Release Date: March 14th, 2017

352 Pages

Synopsis: What happens to the girl left behind?

A masked man with a gun enters a sandwich shop in broad daylight, and Meredith Oliver suddenly finds herself ordered to the filthy floor, where she cowers face to face with her nemesis, Lisa Bellow, the most popular girl in her eighth grade class. The minutes tick inexorably by, and Meredith lurches between comforting the sobbing Lisa and imagining her own impending death. Then the man orders Lisa Bellow to stand and come with him, leaving Meredith the girl he left behind, 

After Lisa’s abduction, Meredith spends most days in her room. As the community stages vigils and searches, Claire, Meredith’s mother, is torn between relief that her daughter is alive, and helplessness over her inability to protect or even comfort her child. Her daughter is here, but not.

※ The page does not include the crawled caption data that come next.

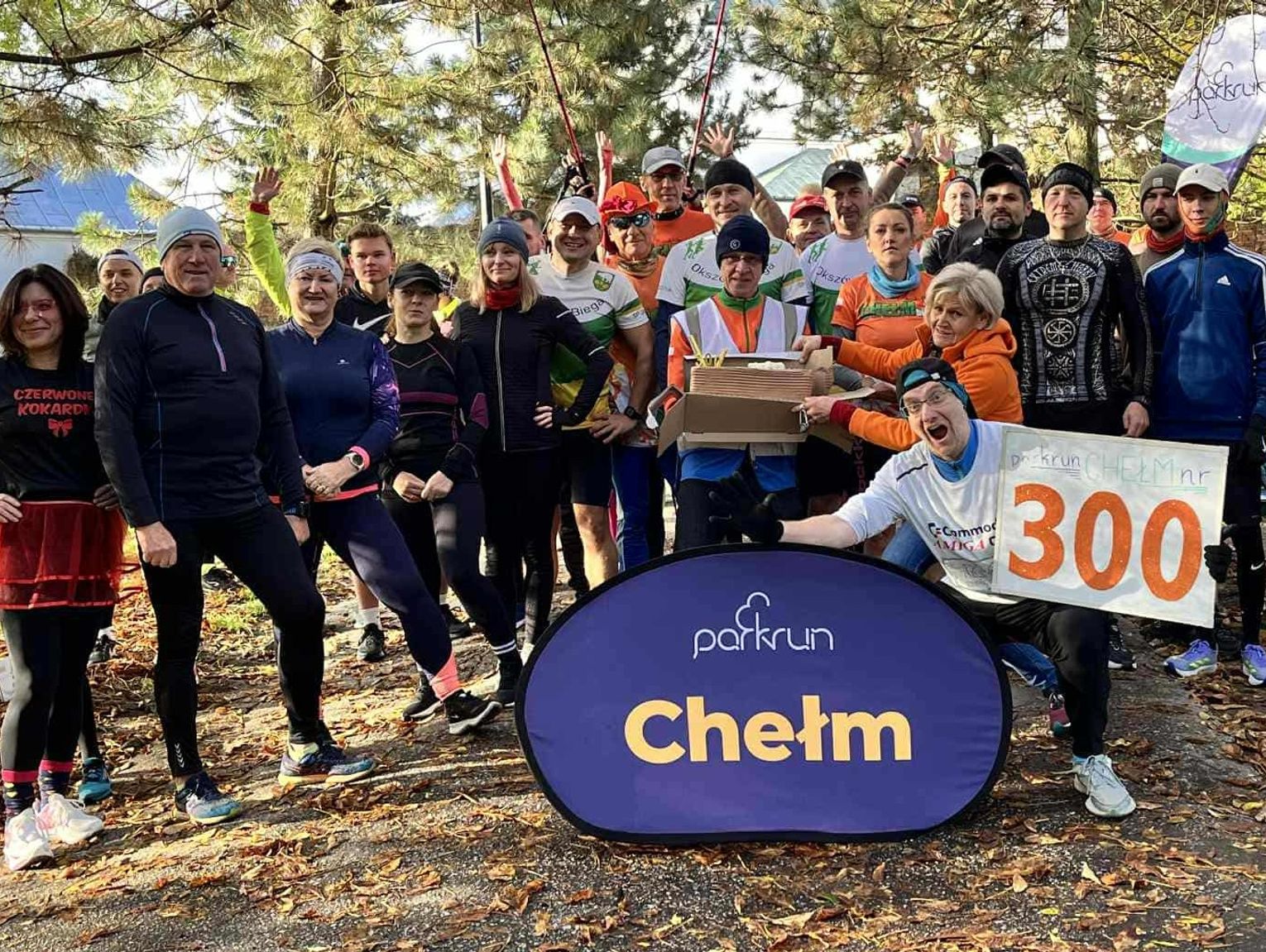 300. parkrun Chełm za nami. Zapraszamy na relacje z tego wyjątkowego wydarzenia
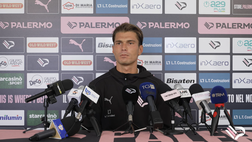 VIDEO Segre: “Rinnovo? Mai avuto dubbi, voglio andare in Serie A col Palermo”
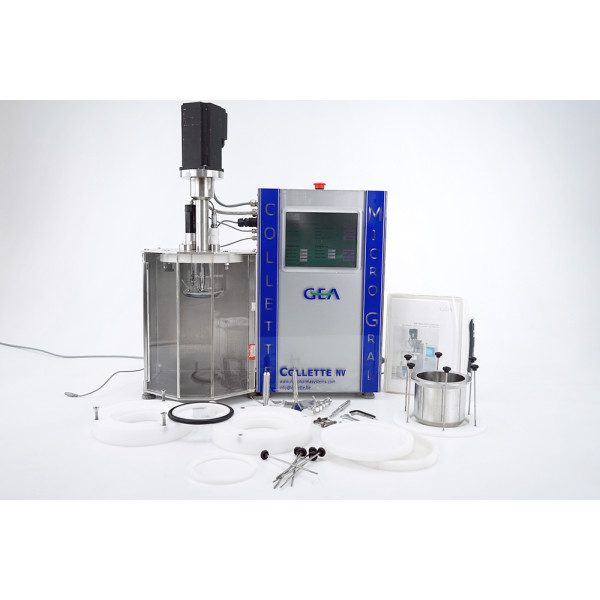 GEA Niro Colette MicroGral High Shear Mixer Granulator 100-700g, 11.305,00 €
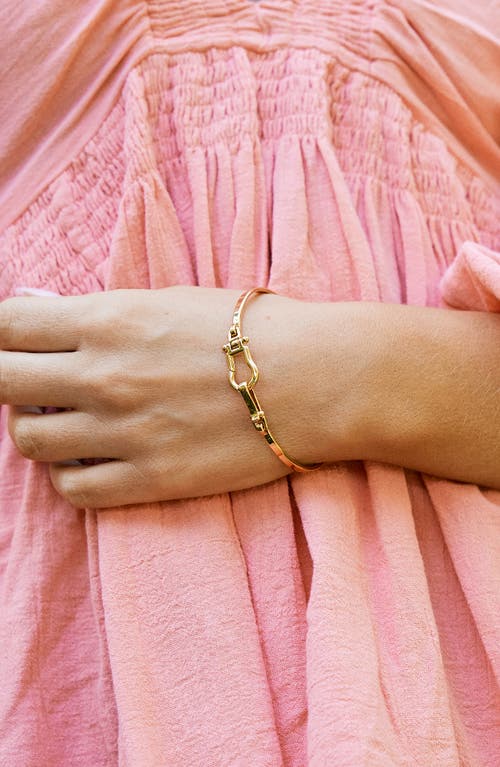 Brook & York Brook And York Kieran Bangle In Gold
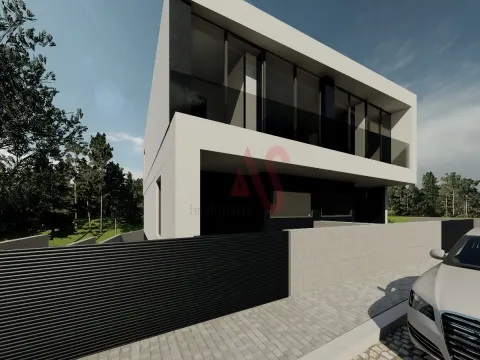 Grundstück mit 360m² und genehmigtem Projekt in Vilela, Paredes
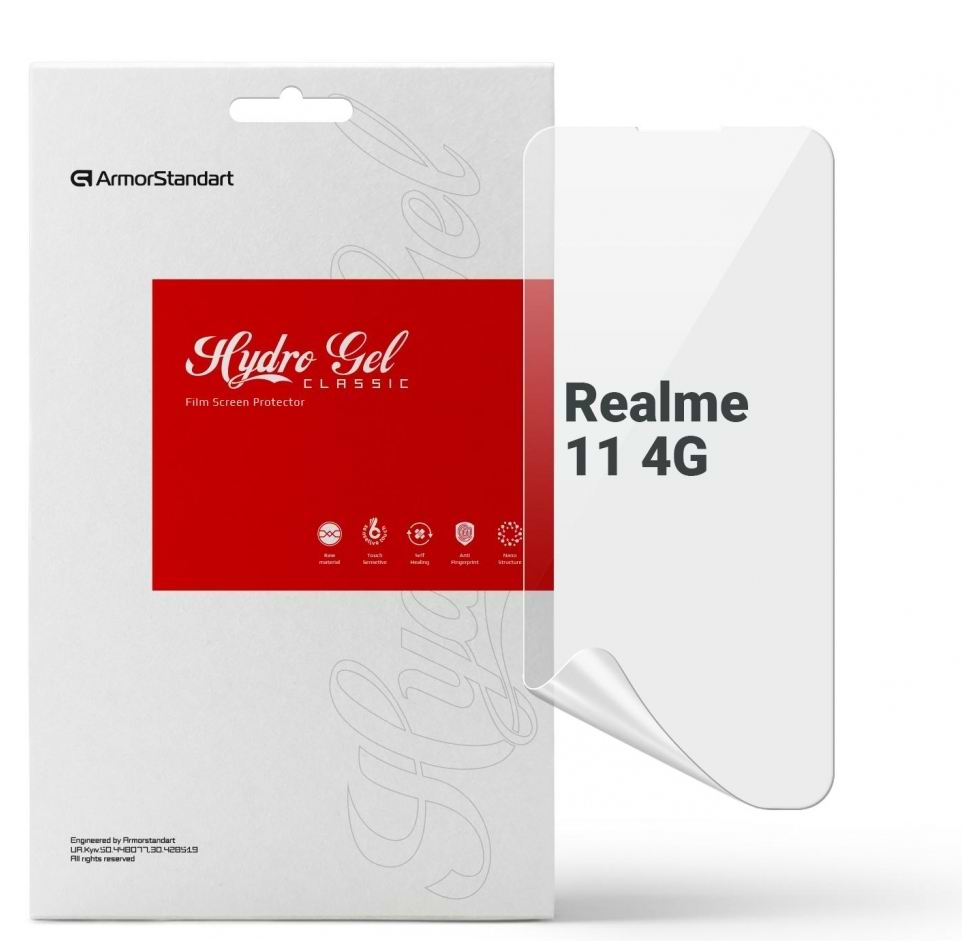 Захисна плівка для смартфону Armorstandart for Realme 11 4G (ARM69175)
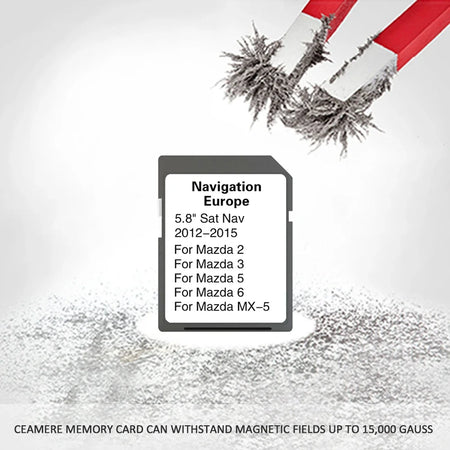 AVN1 8GB GPS Update Software - Europe Maps Included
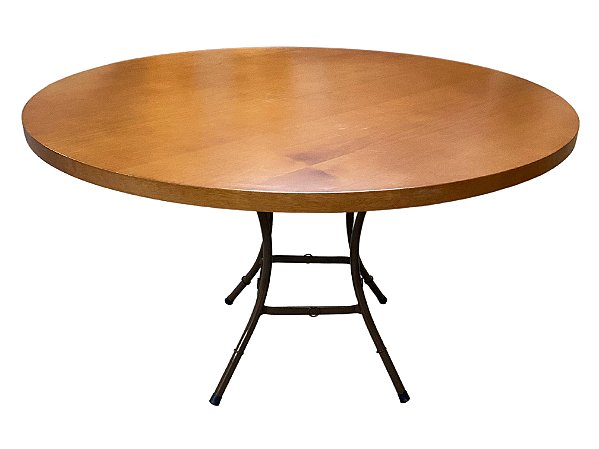 Mesa redonda pé aranha 1,35M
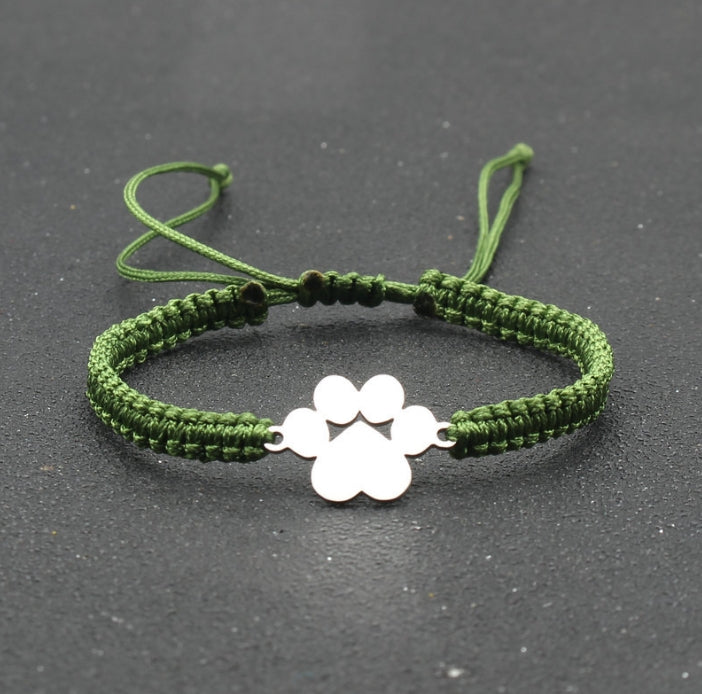 Back to Earth Paw Bracelet – Wear the Mission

The Fall Of Lisa Bellow is the first book I’ve read by Susan Perabo. While I had a few issues, I thought she did a fantastic job getting into her characters’ psyches, which made this a very interesting read. The story is told for the most part from the first person POVs of Meredith, and her mother Claire. Thirteen-year-old Meredith is what really holds this book together. Seeing the trauma she goes through during and after the robbery and abduction of her classmate, who is your classic mean girl is heartbreaking. Perabo has a very descriptive style of writing which made me feel as though I was in the sandwich shop with the two girls as they laid on the sticky linoleum floor, terrified beyond belief, and trying to comfort one another. Meredith is extremely sympathetic as a young teen dealing with the aftermath, others expectations of her, and her PTSD. The way she deals with all this has her mind wandering at times into the fantasy realm. One scenario has her observing what Lisa is going through with her abductor. The other has her fantasizing that she and Lisa were both abducted. Both scenarios come across realistically, but the author meanders a little too much with them. The chapters that are told from Claire’s perspective are the ones I had the most trouble with because I disliked her immensely. Without going into spoiler territory, some of Claire’s thoughts and actions are pretty horrifying even before the abduction of Lisa. She loves her children, but she’s selfish and displays an appallingly skewed moral compass. Making things worse is that she and her husband are completely clueless when it comes to helping Meredith and her brother Evan who is still recovering from a trauma of his own. The loving relationship and dialogue between Meredith and Evan were my favorite parts of the book. I think they do a far better job at helping each other than any of the adults in the story. I wasn’t thrilled by the ending which left me with questions I really wanted answered, but I understand why the author chose to go this route. Overall, The Fall Of Lisa Bellow is less a thriller, and more a psychological drama that takes a thought-provoking look at the people affected by a child’s abduction. Susan Perabo has an interesting style of writing and I’ll definitely be on the lookout for any future books by her.